14. From the above statutory provisions, it can be noticed that under section 11 of the VAT Act, a registered dealer who has purchased taxable goods can claim tax credit as specified therein. Sub-section (5) thereof, however, provides for cases where such credits shall not be allowed for purchases specified therein. Clause (a) of sub-section (5) of section 11 pertains to the purchases made from any person other than a registered dealer under the Act. In contrast, clause (mmmm) of sub-section (5) of section 11 pertains to the purchases made from a dealer after the name of such dealer has been published under sub- section (11) of section 27 or section 97. In particular, section 27(11) pertains to publication of particulars or dealers whose whose certificate of registration has been suspended or cancelled under the Act.
15. In case of a dealer whose registration has been cancelled or suspended, thus, the purchases made from such a dealer would be ineligible for tax credit in terms of clause (mmmm) of sub-section (5) of section 11 of the VAT Act, where the dealer makes such purchases after the name of such dealer has been published under section 27(11) of the said Act.
16. We are unable to see how the present case would be covered under clause (a) of sub-section (5) of section 11 of the VAT Act since the registration of the dealer from whom the petitioner purchased the goods was cancelled with the back date. The case has to be covered under clause (mmmm) of sub-section 5 of section 11 of the said Act because the dealer from whom the petitioner made such purchases, his registration came to be cancelled by the competent authority. Any purchase made from such a dealer after the necessary particulars were published as required under section 27(11) of the VAT Act, would not qualify for tax credit. Significantly, clause (mmmm) of sub-section (5) of section 11 of the VAT Act uses the language “purchases made from a dealer after the name of such dealer has been published under sub- section (11) of section 27 of the Act”. If the legislature had used the phraseology of purchases made from dealer
in whose case, particulars have been published under sub-section (11) of section 27 of the Act, perhaps an argument may arise that the cancellation of registration may be ordered subsequently, however, with a back date as permitted under section 27(5) of the VAT Act and that, therefore, any purchases made during the interregnum would also not qualify for tax credit. The legislature, however, has advisably used the words “purchases made from a dealer after the name of such dealer has been published under sub-section (11) of section 27”.
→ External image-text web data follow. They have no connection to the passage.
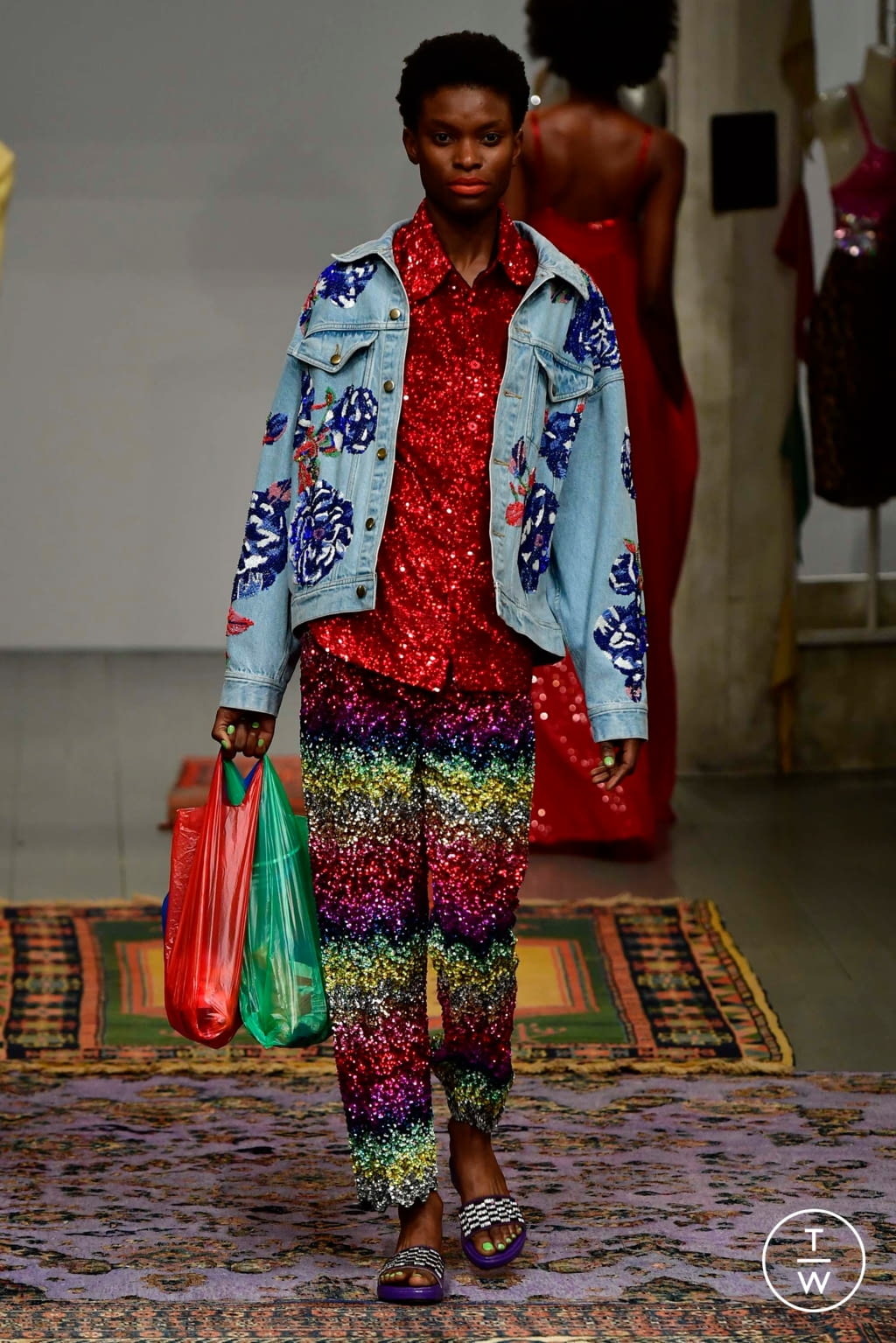 Fashion Week London Fall/Winter 2018 look 11 from the Ashish collection 女装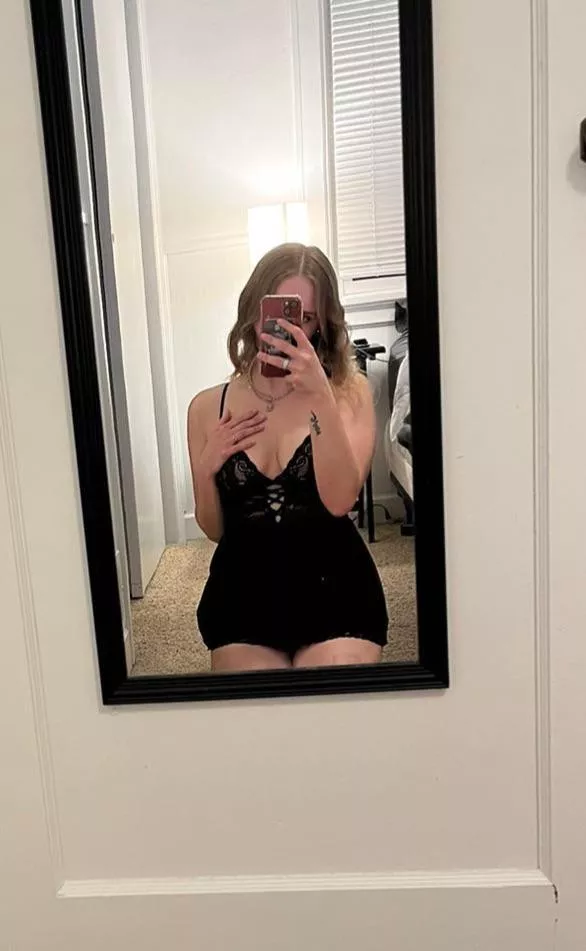 New dress makes for easy access 🤤🔥 posted by lesbianlover3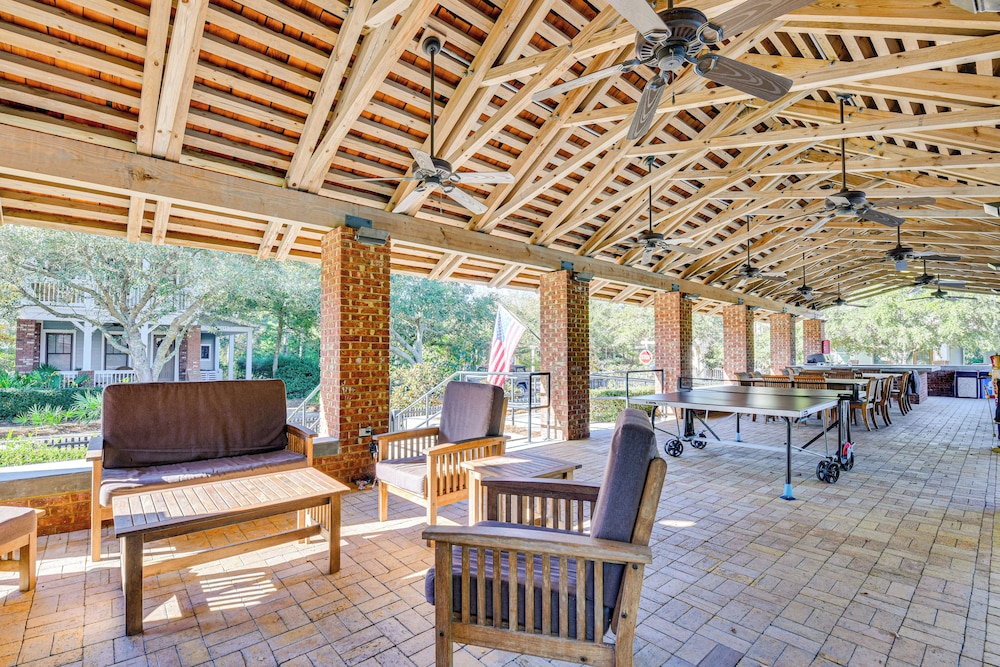 Walk to Gulf: Modern Retreat in Santa Rosa Beach!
17. In the present case, admittedly, the order of cancellation of registration of M/s Surya Vinayak Industries Ltd. was passed on 6th March, 2012. Therefore, obviously, the publication as required under section 27(11) of the VAT Act would be sometime thereafter. In any case, therefore, for the purchases made by the petitioner from such dealer prior to 6th March, 2012, tax credit cannot be denied under sub-section (5) of section 11 of the VAT Act.
18. Additionally, we also do not find any provision under which the respondent No.2 could have detained the goods in the facts of the present case. The respondent No.2 has referred to sub-section (2) of section 67 of the VAT Act. Section 67 of the VAT Act pertains to production and inspection of accounts and documents and search of premises. Sub-section (6) thereof, on which reliance was placed, reads as under :
“[6] Where -
[a] a carrier or bailee or any person to whom goods were delivered for transport has kept the said goods in any vehicles, vessel or place; and
[b] the Commissioner has reason to believe that tax on such goods is or is likely to be evaded, the Commissioner, may stop the vehicle or the vessel carrying such goods and enter and search the vehicle, vessel or place and inspect the goods and records relating to such goods and elicit such information from the carrier, bailee or any person as is relevant.”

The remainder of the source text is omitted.